(2) BUILDING
Fig. 35. Making coils
Compared to the wheelwork the building appears simple at first, but experience will soon show that it too needs considerable practice. Though the actual process has not the glamor and thrill associated with wheelwork, there is a certain quality in a built vase which gives it a value of its own. Building is generally done nowadays by means of coils of clay (fig. [35]), which must be a little thicker than the walls of the vase are to be and should be as uniform as possible. To make the foot of the vase, the end of one of these coils is laid in the center of a plaster bat and the rest coiled round in spiral line. To hide the joints the surface is rubbed over with the fingers on both sides. In making the walls of the vase a coil is used for each round and the superfluous clay pinched off, every new coil being begun at a new point. The whole surface, inside and outside, is again smoothed by rubbing with the fingers, using very little water in the process. Only about three coils should be worked in at a time and then left to harden before new coils are added. In building up a certain shape it is best to use a templet of cardboard or plaster, to be sure that the profile of the vase is followed out correctly. To give the required finish at the end, modeling tools as well as further rubbing with the fingers are required.
With this process in mind it is easy to distinguish between built and wheel-made pottery among the Greek wares. In the built pottery, however careful the work, there is always a certain unevenness of outline—which indeed gives it some of its charm. Unlike the moderns, the Greeks did not continue to build pottery after the invention of the wheel. Naturally the general adoption of the wheel was not synchronous in all ceramic centers. It was used considerably earlier in Crete, for instance, than in Cyprus. But when once its convenience was thoroughly realized, the slower and more monotonous method was entirely dropped. Among Athenian black-figured and red-figured vases there are no built pieces.
(3) MOULDING
The process of moulding vases is the one most in use nowadays, for the simple reason that when once the required mould has been made the production of any number of vases is a rapid and easy task. But though commercially favored, this method is looked down upon by the artistic potter as being purely mechanical, and there is no doubt that a moulded vase has all the characteristics of machine work.

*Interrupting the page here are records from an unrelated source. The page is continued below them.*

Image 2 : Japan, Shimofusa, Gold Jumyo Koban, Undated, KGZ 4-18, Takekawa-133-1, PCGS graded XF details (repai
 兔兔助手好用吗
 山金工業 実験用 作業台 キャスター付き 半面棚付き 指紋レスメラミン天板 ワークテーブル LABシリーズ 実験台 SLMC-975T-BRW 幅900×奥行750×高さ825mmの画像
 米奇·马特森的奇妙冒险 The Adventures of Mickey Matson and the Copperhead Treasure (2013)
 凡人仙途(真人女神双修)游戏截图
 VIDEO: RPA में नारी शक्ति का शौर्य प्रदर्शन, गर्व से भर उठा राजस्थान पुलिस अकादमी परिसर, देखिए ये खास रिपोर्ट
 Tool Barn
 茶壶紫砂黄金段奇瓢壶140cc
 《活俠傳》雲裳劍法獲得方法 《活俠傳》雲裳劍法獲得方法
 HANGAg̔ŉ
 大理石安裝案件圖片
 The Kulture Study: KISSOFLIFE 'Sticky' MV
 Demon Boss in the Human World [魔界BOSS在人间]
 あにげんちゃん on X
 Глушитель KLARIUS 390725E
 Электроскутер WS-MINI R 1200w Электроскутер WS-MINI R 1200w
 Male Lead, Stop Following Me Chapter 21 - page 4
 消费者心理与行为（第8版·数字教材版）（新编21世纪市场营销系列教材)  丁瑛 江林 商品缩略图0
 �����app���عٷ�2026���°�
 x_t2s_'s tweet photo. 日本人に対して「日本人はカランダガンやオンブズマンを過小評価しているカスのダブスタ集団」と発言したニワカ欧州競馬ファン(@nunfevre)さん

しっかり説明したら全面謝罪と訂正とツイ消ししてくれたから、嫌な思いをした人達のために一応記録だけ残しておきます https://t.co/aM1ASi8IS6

The material used for moulds nowadays is plaster. The clay can either be poured into a mould in slip form or pressed into a mould while soft and plastic. In the former process the mould or moulds are made in two or more pieces, which fit closely together leaving an opening at the top. By pouring the clay slip into the opening, leaving it to harden a little, and then pouring out again what has not hardened, a hollow vase is formed. After due shrinkage the mould is carefully removed from the vase (fig. [36]). The same mould can be used indefinitely for making vases of the same shape; it has only to be dried between one use and the next. Handles can be produced in the same way and then attached.